[This local archive copy mirrored as an excerpt from the canonical site and URL: http://www.berkshire.net/~norm/docbook/index.html 980310; links may not have complete integrity, so use the canonical document at this URL if possible.]

The DocBook DTD as XML

[Excerpted from: 'Norm's Home Page: Tidbits, Oddments, and Loose Ends, DocBook Projects']


This is an excerpt from DocBook in a Nutshell:

Converting the DocBook DTD to XML is much more challenging than dealing with the instances. It is probably not possible to construct an XML DTD which is identical to DocBook. The list below identifies most of the issues which must be addressed and describes how the DocBk30 XML DTD deals with them:

Comments are not allowed inside markup declarations

Most of them have been moved to comment declarations preceding the markup declaration that used to contain them. A few small, inline comments that seemed like they would be out of context if moved before the declaration where simply deleted.

Name groups are not allowed in element or attribute list declarations

In the small number of places where DocBook uses name groups, they have been expanded out.

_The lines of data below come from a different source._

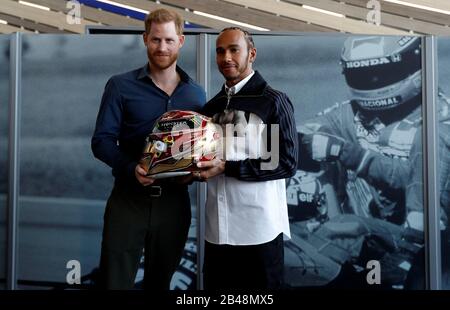 Le duc de Sussex avec le champion du monde de Formule Un Lewis Hamilton pose avec un casque de Hamilton lors d'une visite au circuit Silverstone dans le Northamptonshire pour ouvrir officiellement l'Expérience Silverstone, un nouveau musée immersif qui raconte l'histoire du passé, du présent et de l'avenir des courses automobiles britanniques. Banque D'Images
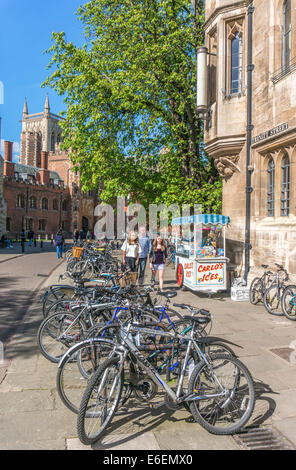 Line of bikes / bicycles on Trinity Street, with part of a university college in the background. City centre, Cambridge, Cambridgeshire, England, UK. Stock Photo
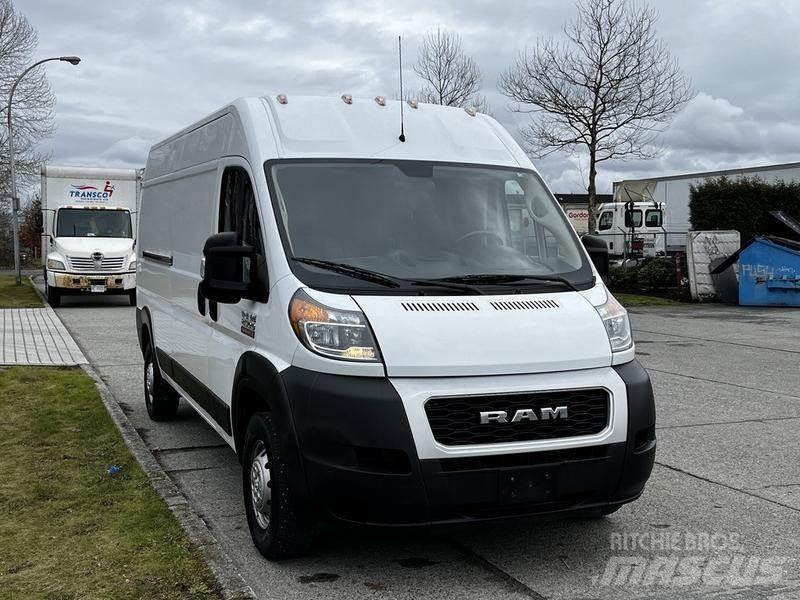 RAM Promaster Kaubikud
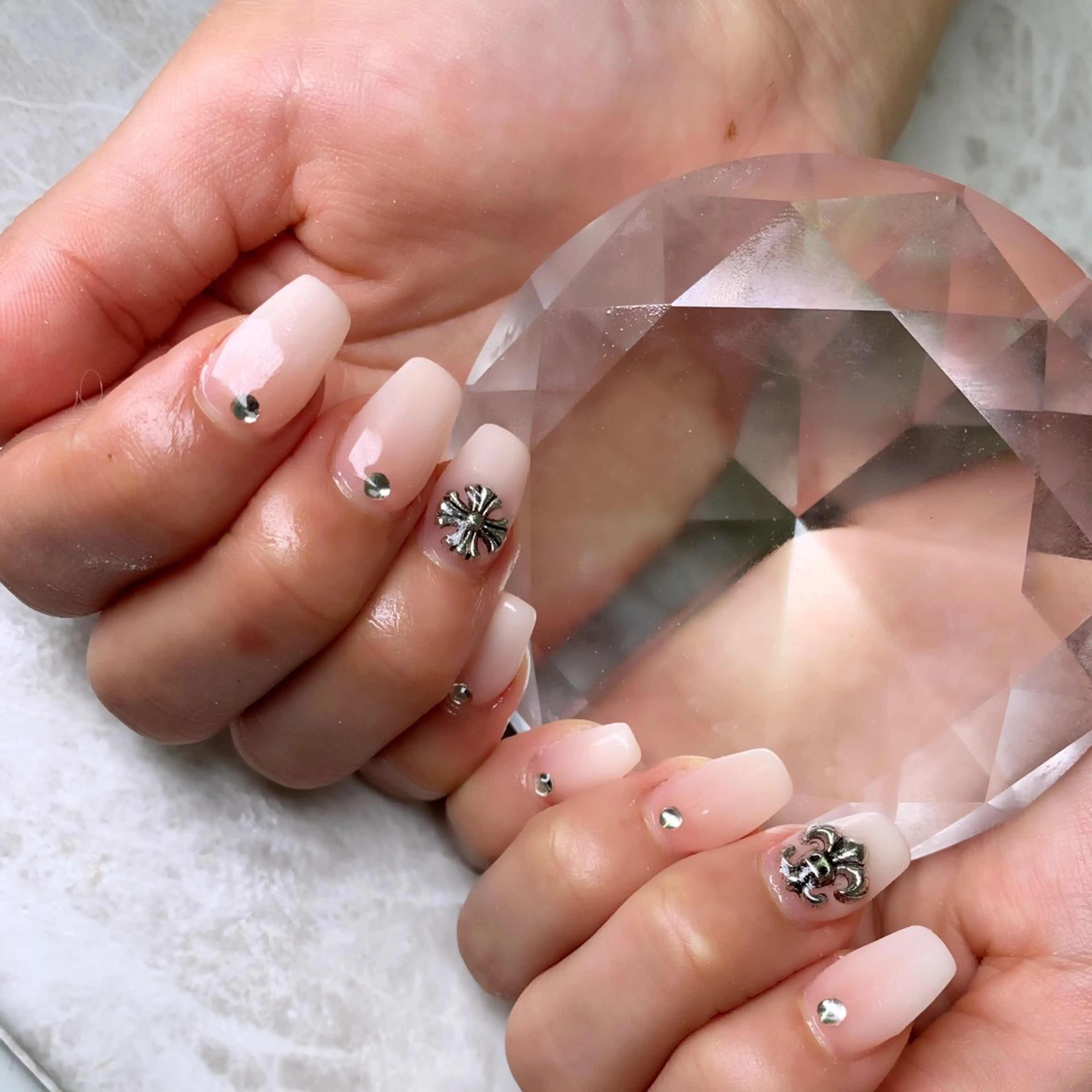 ネイル ハンドネイル Nail Salon SALUDのネイルデザイン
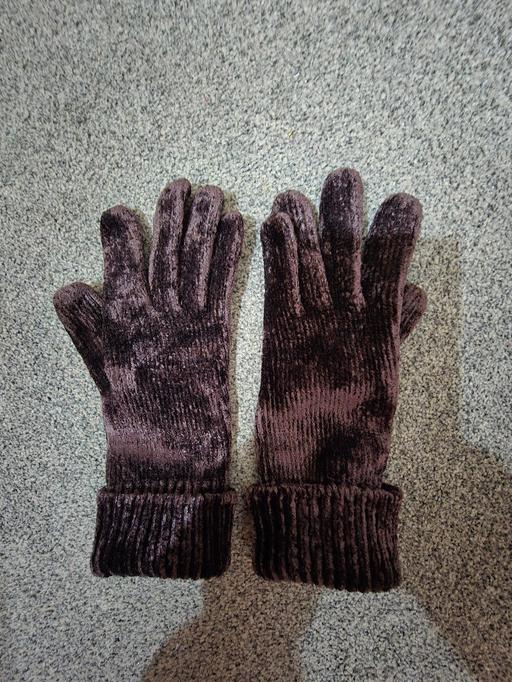 Buy & Sell Rowley Regis Sandwell - Photos for Brown ladies gloves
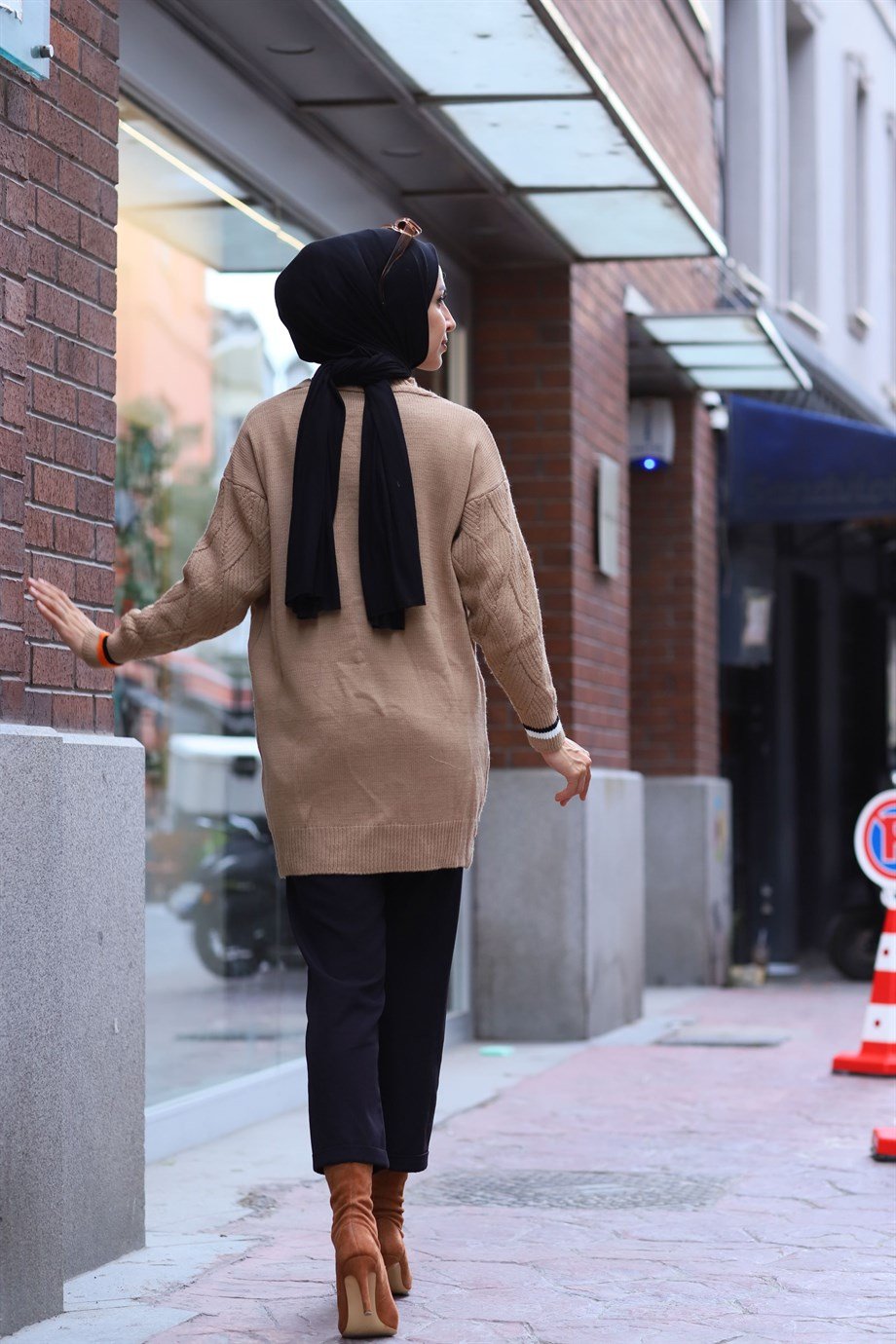 ŞERİT DETAYLI HIRKA CAMEL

One downside, DocBook uses %admon.class; in a name group to define the content model and attribute lists for elements in the admonitions class. In DocBk30 XML DTD, this convenience cannot be expressed. If additional admonitions are added, the element and attribute list declarations will have to be copied for them.

No CDATA or RCDATA declared content

Graphic and InlineGraphic have been made EMPTY. The content model for SynopFragmentRef, the only RCDATA element in DocBook, has been changed to (arg | group)+.

No exclusions or inclusions on element declarations

They had to be removed.

In DocBook, exclusions are used:

Removing these exclusions from DocBk30 XML DTD means that it is now valid, in the XML sense, to do some things that don't make a lot of sense (like put a footnote in a footnote). Caveat user.

Inclusions in DocBook are used to add the ubiquitious elements (IndexTerm and BeginPage) unconditionally to a large number of contexts. In order to make these elements available in DocBk30 XML DTD, they have been added to most of the parameter entities that include #PCDATA. If new locations are discovered where these terms are desired, DocBk30 XML DTD will be updated.

Elements with mixed content must have #PCDATA first.

The content models of many elements have been updated to make them a repeatable or group beginning with #PCDATA.

Many declared attribute types (NAME, NUMBER, NUTOKEN, etc.) are not allowed

They have all been replaced by NMTOKEN or CDATA.

No #CONREF attributes allowed.

The #CONREF attributes on IndexTerm, GlossSee, and GlossSeeAlso were changed to #IMPLIED. The content model of indexterm was modified so that it can be empty.

Attribute default values must be quoted.

Quotes were added where necessary.

Marked sections can't have spaces in the declaration

The spaces were removed.